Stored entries

::::::

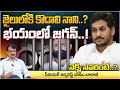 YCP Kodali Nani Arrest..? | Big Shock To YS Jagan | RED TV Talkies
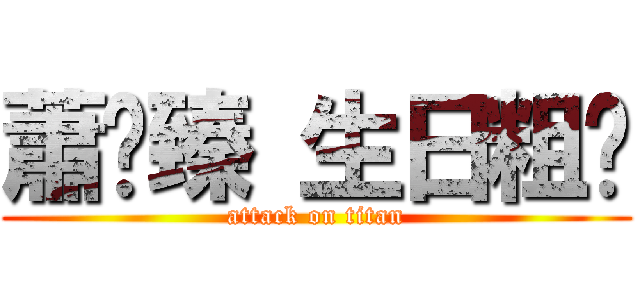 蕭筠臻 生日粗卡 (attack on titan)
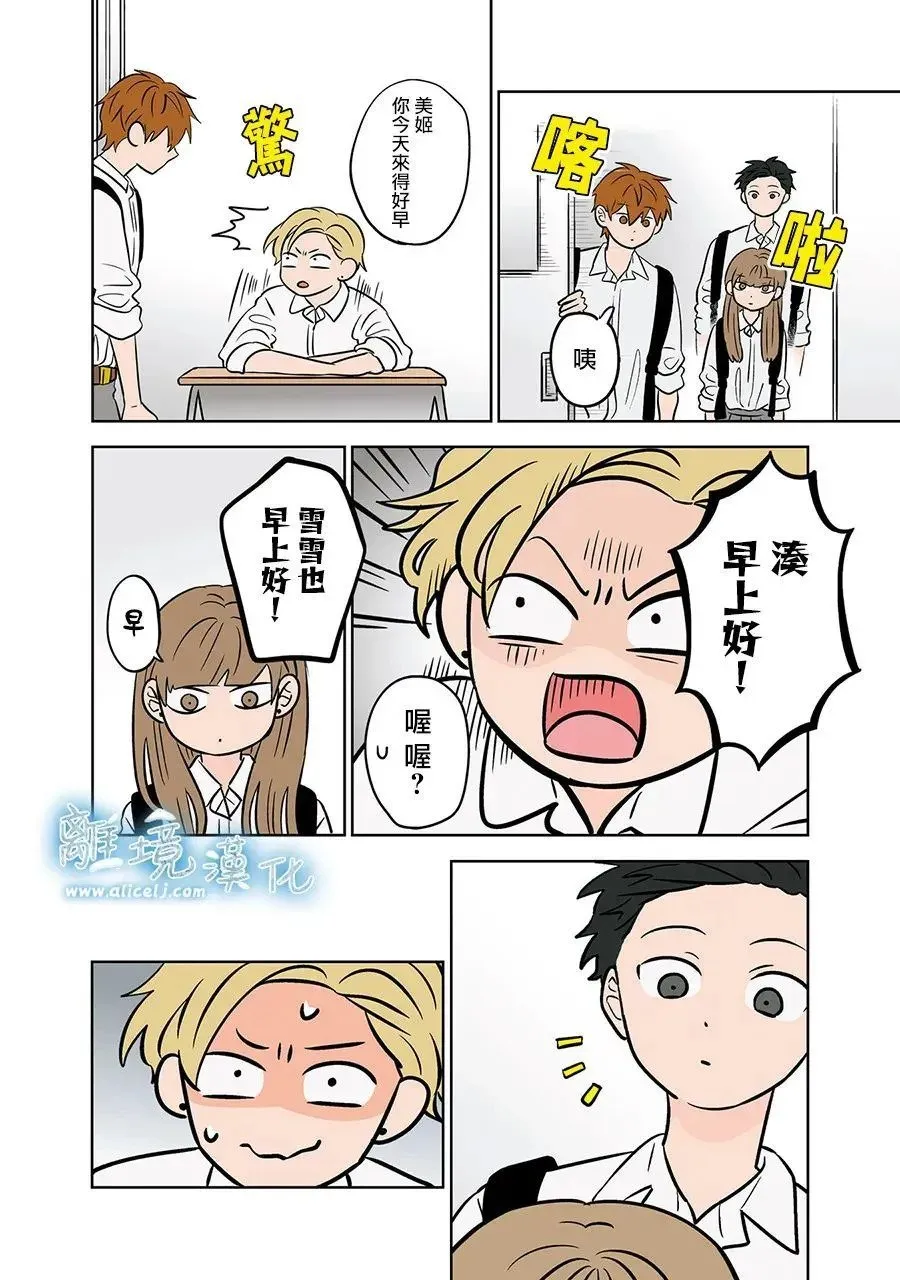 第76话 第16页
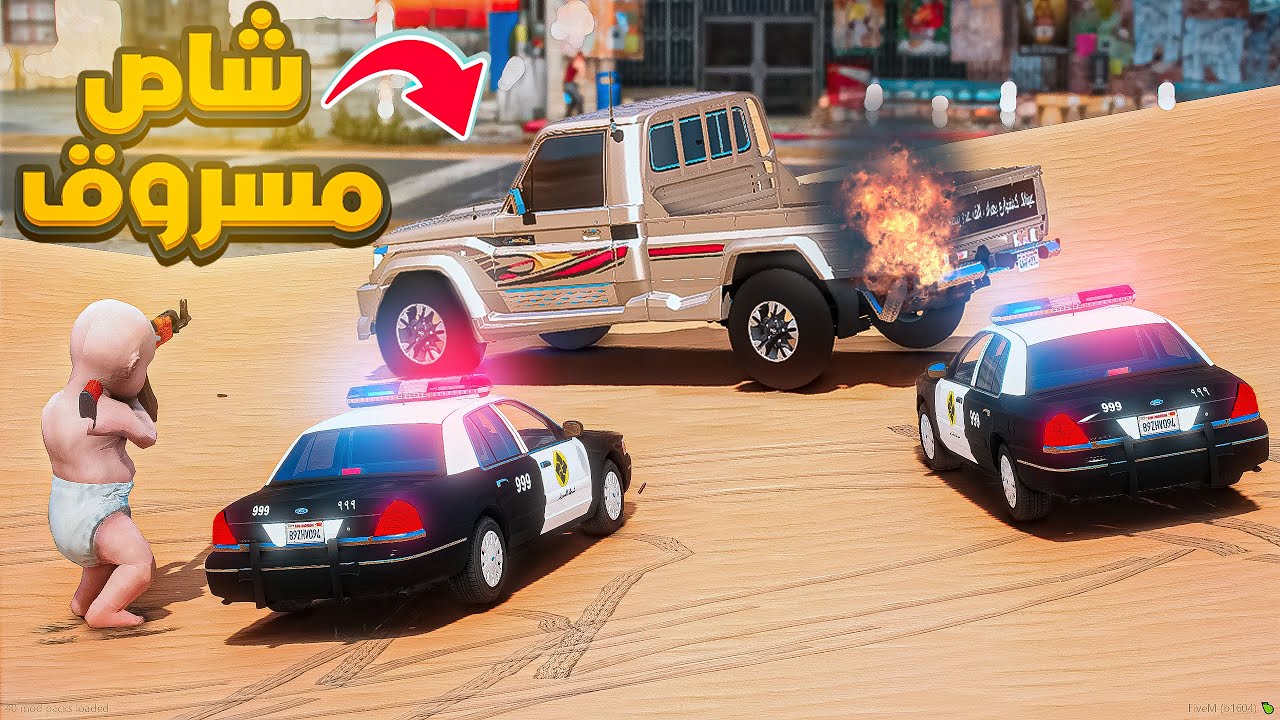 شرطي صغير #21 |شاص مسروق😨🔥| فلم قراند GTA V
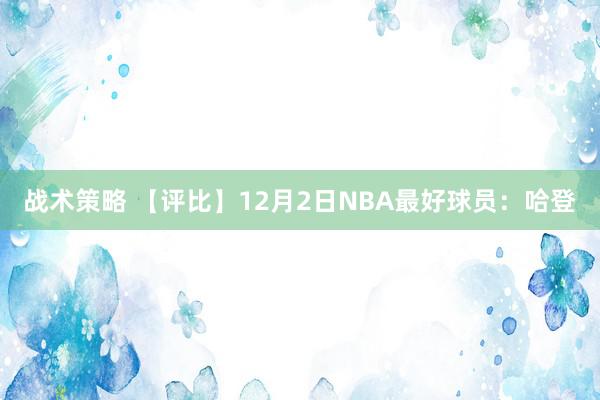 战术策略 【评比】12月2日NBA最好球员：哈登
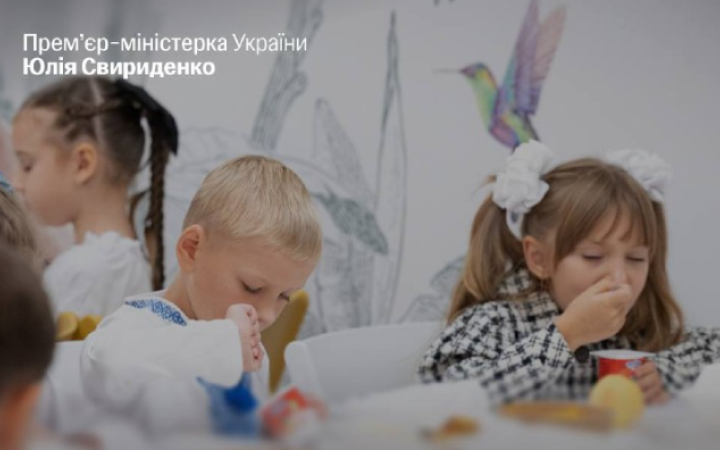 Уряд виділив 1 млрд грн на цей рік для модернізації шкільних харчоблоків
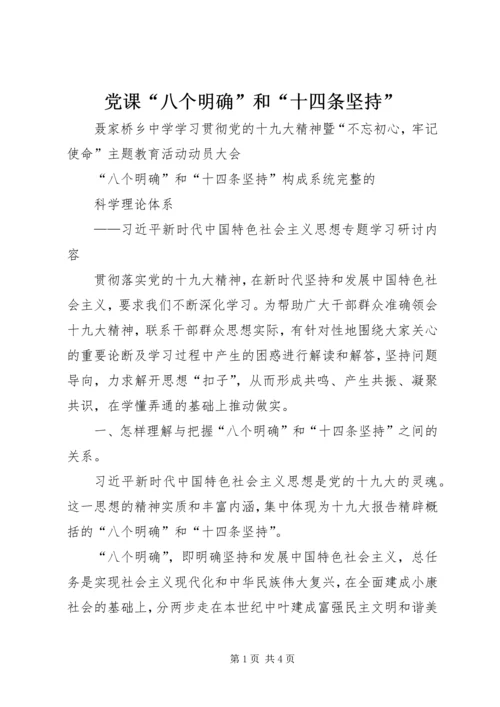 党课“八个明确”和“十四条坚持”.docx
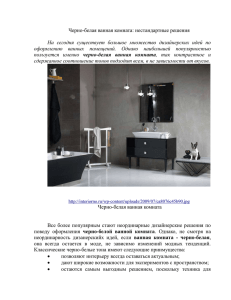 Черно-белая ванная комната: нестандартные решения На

::::::

> TASK TO CARRY OUT:
Omit the pictures. Output every record above word for word.

> OUTPUT FOR THIS EXERCISE:
 YCP Kodali Nani Arrest..? | Big Shock To YS Jagan | RED TV Talkies
 蕭筠臻 生日粗卡 (attack on titan)
 第76话 第16页
 شرطي صغير #21 |شاص مسروق😨🔥| فلم قراند GTA V
 战术策略 【评比】12月2日NBA最好球员：哈登
 Уряд виділив 1 млрд грн на цей рік для модернізації шкільних харчоблоків
 党课“八个明确”和“十四条坚持”.docx
 Черно-белая ванная комната: нестандартные решения На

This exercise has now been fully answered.